The six sections of the outline include a modification of the TARP and its oversight, foreclosure relief, clarification of the automobile manufacturers’ bailout, clarification of additional TARP uses, Hope for Homeowners (H4H) improvements and a home buyer stimulus. “It further requires that Treasury act promptly to permit the smaller community financial institutions that have been shut out so far to participate on the same terms as the large institutions that have already received funds,” the outline reads, in part.
Drilling down a bit, these are the things that caught my eye.
Naturally, mortgage modification gets the usual push. A minimum of $50 billion of future TARP money is to be directed towards mods. It’s a grab bag but does include establishing a program to pay down second mortgages which have been an impediment to modifications, increasing the loan to value ratio from 90% to 93% for borrowers with debt-to-income ratios over 31% and the Treasury’s sharing in the eventual proceeds from sale or refinance is to be eliminated.
As you can see, the program-a failure to date-is slowly having any pretense of rational mortgage underwriting stripped away. More risk is being assumed by the government and any recovery revenue foregone by eliminating the equity participation feature.

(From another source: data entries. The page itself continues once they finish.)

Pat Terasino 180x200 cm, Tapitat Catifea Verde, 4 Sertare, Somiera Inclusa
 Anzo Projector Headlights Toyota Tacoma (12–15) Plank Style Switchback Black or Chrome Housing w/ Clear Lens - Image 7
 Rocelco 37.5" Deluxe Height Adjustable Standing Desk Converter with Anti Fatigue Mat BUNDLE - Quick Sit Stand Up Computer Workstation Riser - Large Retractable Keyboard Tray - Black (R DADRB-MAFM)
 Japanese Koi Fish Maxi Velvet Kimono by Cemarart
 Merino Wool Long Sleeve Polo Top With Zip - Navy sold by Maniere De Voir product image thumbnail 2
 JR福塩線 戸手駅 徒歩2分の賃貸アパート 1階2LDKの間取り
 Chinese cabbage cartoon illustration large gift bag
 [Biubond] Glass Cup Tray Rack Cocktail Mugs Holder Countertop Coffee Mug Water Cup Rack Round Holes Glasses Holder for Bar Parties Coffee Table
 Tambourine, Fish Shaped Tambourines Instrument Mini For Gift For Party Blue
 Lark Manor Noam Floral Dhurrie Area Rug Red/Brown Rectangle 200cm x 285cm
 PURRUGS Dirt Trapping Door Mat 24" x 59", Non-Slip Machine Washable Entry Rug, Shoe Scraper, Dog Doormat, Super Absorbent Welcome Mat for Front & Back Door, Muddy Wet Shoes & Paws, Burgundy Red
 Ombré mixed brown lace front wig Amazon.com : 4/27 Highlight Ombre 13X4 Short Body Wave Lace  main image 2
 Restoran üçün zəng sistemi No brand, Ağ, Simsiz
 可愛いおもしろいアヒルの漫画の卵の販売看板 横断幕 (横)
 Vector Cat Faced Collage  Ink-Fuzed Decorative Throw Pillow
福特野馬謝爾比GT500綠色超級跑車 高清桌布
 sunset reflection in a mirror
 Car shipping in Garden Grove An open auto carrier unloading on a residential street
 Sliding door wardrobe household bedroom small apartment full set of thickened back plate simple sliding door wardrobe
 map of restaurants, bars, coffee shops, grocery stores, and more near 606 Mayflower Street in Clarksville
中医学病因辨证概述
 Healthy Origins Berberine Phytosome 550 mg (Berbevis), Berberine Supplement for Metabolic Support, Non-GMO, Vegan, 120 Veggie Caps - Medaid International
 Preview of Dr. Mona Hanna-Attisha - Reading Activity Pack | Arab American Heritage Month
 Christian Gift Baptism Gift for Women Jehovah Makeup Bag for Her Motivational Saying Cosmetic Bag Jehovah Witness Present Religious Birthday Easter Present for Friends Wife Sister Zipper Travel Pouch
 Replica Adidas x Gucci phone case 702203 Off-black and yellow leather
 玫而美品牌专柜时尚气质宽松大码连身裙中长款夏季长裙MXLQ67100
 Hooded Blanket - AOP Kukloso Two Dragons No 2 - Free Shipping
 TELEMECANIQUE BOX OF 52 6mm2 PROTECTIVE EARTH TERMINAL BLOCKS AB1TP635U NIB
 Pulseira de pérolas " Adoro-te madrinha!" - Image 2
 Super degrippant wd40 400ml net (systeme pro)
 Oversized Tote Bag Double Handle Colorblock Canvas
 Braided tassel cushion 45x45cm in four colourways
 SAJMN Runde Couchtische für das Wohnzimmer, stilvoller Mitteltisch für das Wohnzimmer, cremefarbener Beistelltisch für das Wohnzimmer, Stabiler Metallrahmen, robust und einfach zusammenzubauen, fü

Frank’s outline also calls for the Treasury to “stimulate demand for home purchases and clear inventory of properties” by purchasing mortgages and mortgage backed securities in order to make loans more affordable. It is unclear if the current actions of the Fed in purchasing MBS satisfies this requirement or if, indeed, this is to be in addition to the Fed’s actions. Are we trying to blow up the balloon again?
The outline also calls on the Treasury to clarify the use of TARP funds for the automobile sector and other sectors of the economy. Among the other asset classes mentioned for clarification process are student and auto loans, commercial real estate loans and municipal securities. It’s unclear to me what clarification means but I am going to guess that it means make a case for using TARP money to intervene in these sectors of the economy and we (Congress) will put our stamp of approval on it.
So you can see the direction that the TARP funds are likely to go. Some of it is justifying the extra-legal actions the Bush administration has already taken while other parts are bringing in those that had lined up for a piece of the action. The commercial real estate guys and local government look likely to be cut in on the gravy.
All of this is going to be coming so fast and furiously over the next couple of weeks that the prospect of any meaningful debate and review is minimal. Expect the fine print and last minute amendments to this bill and others to provide some remarkable surprises as well. I don’t think this is going to be one of the Republic’s finer moments.